Welcome to Tough Love. We’re answering your questions about dating, breakups, and everything in between. Our advice giver is Blair Braverman, dogsled racer and author of Welcome to the Goddamn Ice Cube. Have a question of your own? Write to us at email@example.com.
My girlfriend and I have been dating for a few years now and we’ve done a fair bit of traveling, but we’ve really only gone hiking together once. And that was for my birthday.
I know that hiking and outdoor stuff isn’t really in her wheelhouse, but she’s told me multiple times she’d be fine with taking a camping trip as long as I’m the one who does the bulk of the planning, since it’s my area of expertise.
Considering everything that’s happened this year with COVID-19, quarantine, furloughs, and working from home, I thought it might be nice to plan a long weekend for this spring, when hopefully (at least a few) things have changed for the better—even if only the weather.
My only problem is I’ve never planned a camping trip for one person who’s into roughing it and one person who’s not.

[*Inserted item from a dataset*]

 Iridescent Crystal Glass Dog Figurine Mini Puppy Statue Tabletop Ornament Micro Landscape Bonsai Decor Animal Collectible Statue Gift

I’ve planned hikes that way, but I don’t know if I’m prepared for overnight. Do I bring more stuff for comfort or less so her back doesn’t die with weight? Do I pick a hike-in campsite that’s gorgeous or one that you can drive right up to?
She’s the planner between the two of us and it usually feels like she’s got a sixth sense about what I might enjoy and where my preferences will wind up, so I’d really like to take that on and give her a really nice mini-vacation that takes that load off her shoulders for once.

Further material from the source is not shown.